The above is not intended to be an all-inclusive list, but more of a rough map and thinking points.  I would be interested in your thoughts, so leave a reply if you get the chance.


2 thoughts on “Constructing a Team from Scratch

  1. Hey Anthony, A day late in reading this but I squeezed a few minutes this morning. My thoughts are more of a question for you. I have my ideas on how I would select my team based on strengths just as you mentioned but my question is how do you actually go about determining what strengths people have especially if you are just meeting them for the first time? People will put on the face you want to see in an interview but do not always stay the track once they are hired. What is your process in pulling out a person’s strengths?

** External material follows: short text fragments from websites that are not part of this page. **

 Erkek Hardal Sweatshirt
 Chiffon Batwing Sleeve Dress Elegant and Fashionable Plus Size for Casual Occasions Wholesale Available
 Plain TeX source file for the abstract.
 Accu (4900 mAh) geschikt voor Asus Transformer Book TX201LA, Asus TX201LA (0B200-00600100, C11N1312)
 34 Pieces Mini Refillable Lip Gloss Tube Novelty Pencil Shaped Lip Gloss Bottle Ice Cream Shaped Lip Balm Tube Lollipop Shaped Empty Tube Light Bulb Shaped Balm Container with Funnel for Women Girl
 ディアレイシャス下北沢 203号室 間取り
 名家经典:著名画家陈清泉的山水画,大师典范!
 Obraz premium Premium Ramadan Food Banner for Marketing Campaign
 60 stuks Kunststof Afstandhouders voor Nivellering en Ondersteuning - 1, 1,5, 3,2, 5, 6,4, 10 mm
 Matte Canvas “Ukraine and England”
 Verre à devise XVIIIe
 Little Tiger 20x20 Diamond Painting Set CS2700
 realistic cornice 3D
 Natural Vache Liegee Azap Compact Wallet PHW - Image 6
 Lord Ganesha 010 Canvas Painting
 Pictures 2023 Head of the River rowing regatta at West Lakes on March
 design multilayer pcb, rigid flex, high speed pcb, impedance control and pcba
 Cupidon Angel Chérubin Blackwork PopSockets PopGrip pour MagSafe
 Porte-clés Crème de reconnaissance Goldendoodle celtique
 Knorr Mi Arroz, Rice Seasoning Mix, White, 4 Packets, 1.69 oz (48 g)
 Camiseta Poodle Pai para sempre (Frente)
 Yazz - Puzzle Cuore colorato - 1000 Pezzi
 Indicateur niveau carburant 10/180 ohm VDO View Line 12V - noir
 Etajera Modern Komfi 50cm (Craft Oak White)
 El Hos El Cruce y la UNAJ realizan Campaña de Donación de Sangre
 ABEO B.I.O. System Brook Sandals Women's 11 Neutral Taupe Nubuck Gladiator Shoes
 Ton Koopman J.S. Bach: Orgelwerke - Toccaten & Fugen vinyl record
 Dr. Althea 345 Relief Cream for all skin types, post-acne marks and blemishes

    • Great question. I think that using the behavioral-based interviewing questions are very effective at coaxing out the true nature of a person during the interview process. HR folks can probably comment on this better than I can, but basically you are asking questions that are not leading and ask the interviewer to give specific instances of past situations that apply to the strenght and values they can contribute to the team.

      Example: “Tell me about a time you were forced to work with someone you didn’t necessarily get along with.” Ask for specifics on a project, how they handled it, what the result was. Remember, they should be answering with the STAR method (Situation or Task, Action, Result). Make sure you ask followups to get what you want. If you aren’t satisfied, keep digging.